Your computation time: 15x240 hours = 5 months. If we divide by 4 (in order to allow a double sampling error), this gives 1.25 CPU-months.

I don't have exact figures for the time it took me to generate my 5.9 million uncorrelated puzzles with the controlled-bias generator (which, at the start, was not optimised - the last version was 200 times faster than the first). In any case, the count was in CPU-months, not in years.

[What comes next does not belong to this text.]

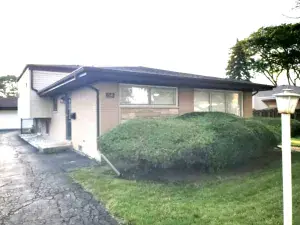 2701 W Thomas Street #3 Chicago IL 60622 MLS #MRD12506764 56 broker reciprocity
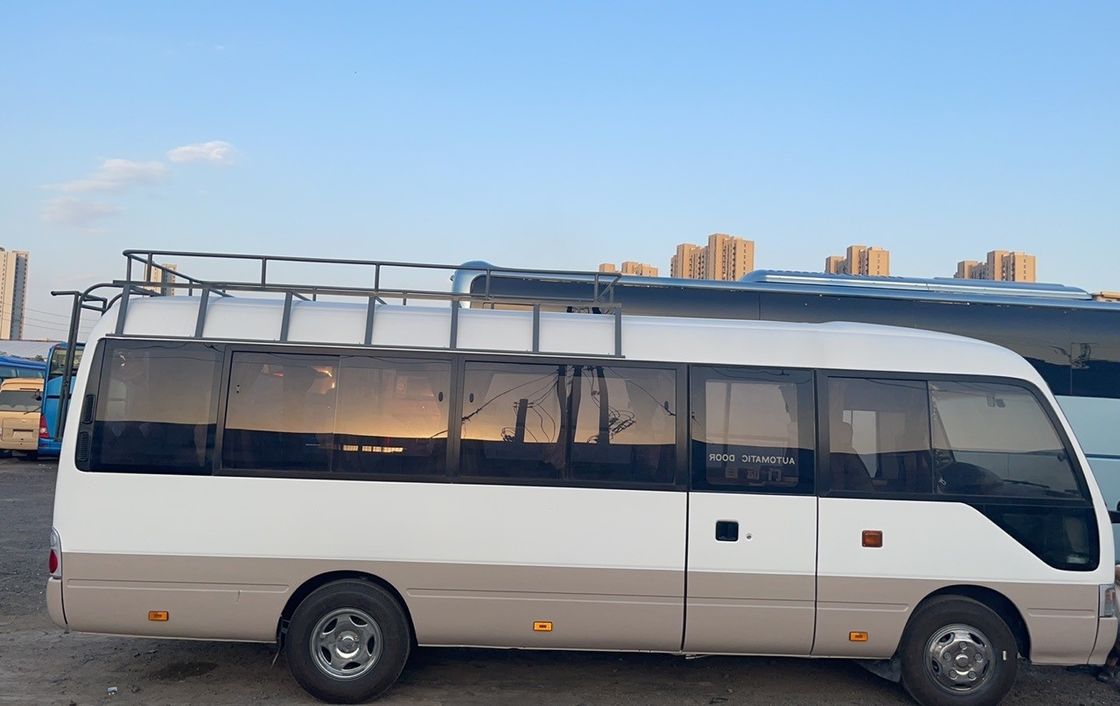 Подержанный автобус Toyota Coaster Luxury Левостороннее управление Дизельное топливо Максимальная мощность 113/5200 кВт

So, the benefit (if any, i.e. if not spoiled by sampling errors of the complete grids) is not orders of magnitude.

2) Estimating other random variables

Now, suppose you want to compute the mean SER of minimal puzzles, with the same relative precision as with the controlled-bias generator. You will have to use (at least) 1/4 of your puzzles, i.e. 13,676,903,000/4, i.e. more than 3 billion, when I need only about 6 million - 500 times less.

The same problem will appear every time you want to estimate the mean of any random variable.

(Indeed, these figures can be lowered, in both methods, by concentrating on the main part of the distribution. But this doesn't change the computation time ratio.)